The infrastructure set up: how the S3 bucket should be created and configured.
Backend code: how to generate pre-signed URLs.
Client-side code: how to fetch and use those pre-signed urls to upload files.

The backend examples here are JavaScript, but any language can be used. All AWS SDKs support pre-signed URL generation.

Where possible I’m going to link to AWS documentation rather than screencap or writing my own version of what AWS has. AWS is more likely to keep its documentation up to date than I am on this post.

Setting Up S3

The first step here is to create a S3 bucket. This bucket will need some special Cross-Origin Resource Sharing (CORS) configuration that will impact the entire bucket. I’d recommend that a new, upload-specific bucket be created so those changes don’t impact other files.

Once the bucket is created, it’s time to modify the Cross Origin Resource Sharing (CORS) permissions on that bucket.
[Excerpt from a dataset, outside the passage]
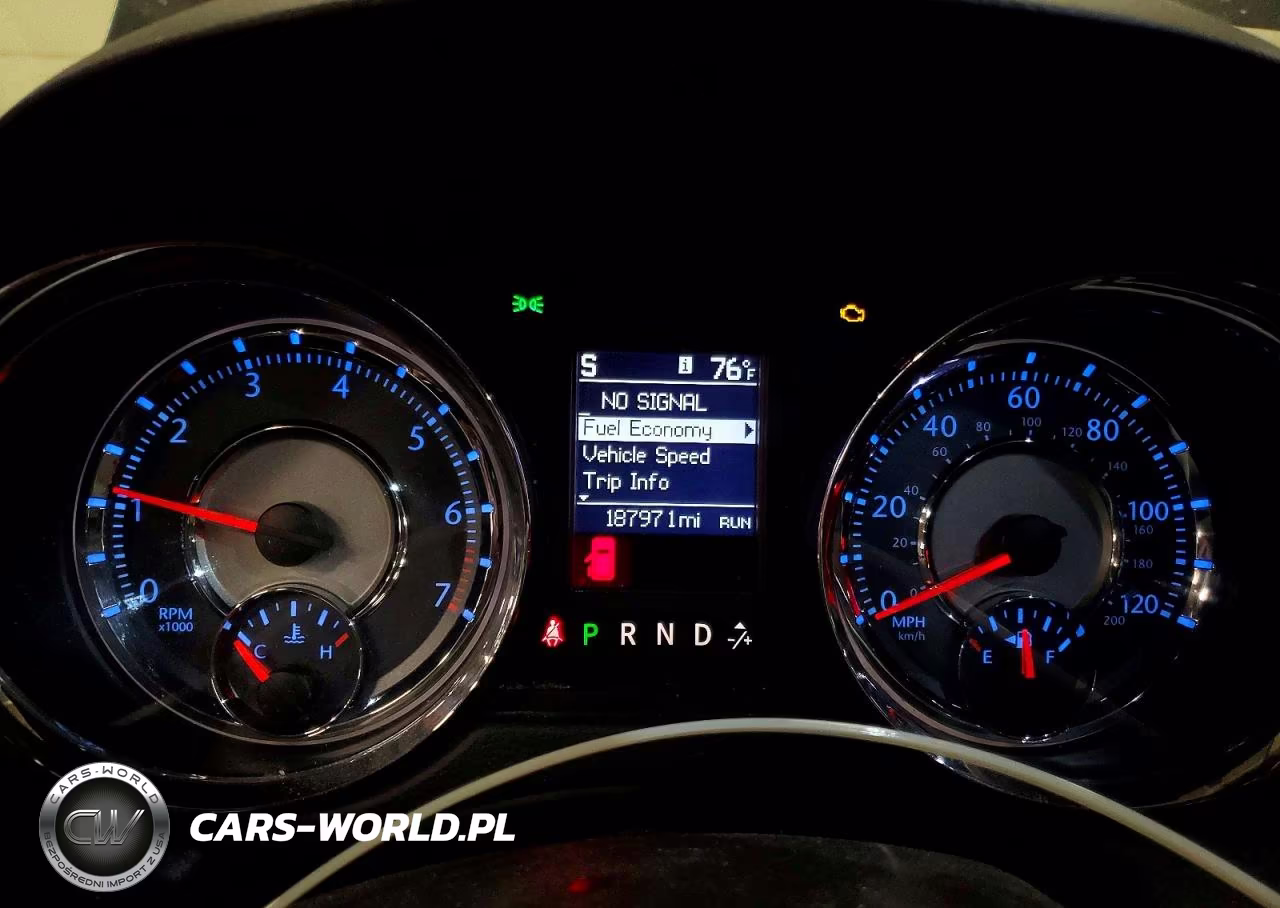 2015 Chrysler Town & Country Touring VIN:2C4RC1BG9FR707207 - 9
Without this, client-side uploads won’t be able to make requests for the application page(s) to S3.

This can be done in the AWS Console, with the AWS CLI, or with any SDK.

The CORS configuration is a bunch of XML. The goal here is to allow PUT requests from the application domain. Our examples here are going to run on http://localhost:8080, but a production app might run on https://somecoolething.app. We want our S3 bucket to allow requests from whatever protocol, domain, and port combination where the app is running. That value will go in the AllowedOrigin XML element.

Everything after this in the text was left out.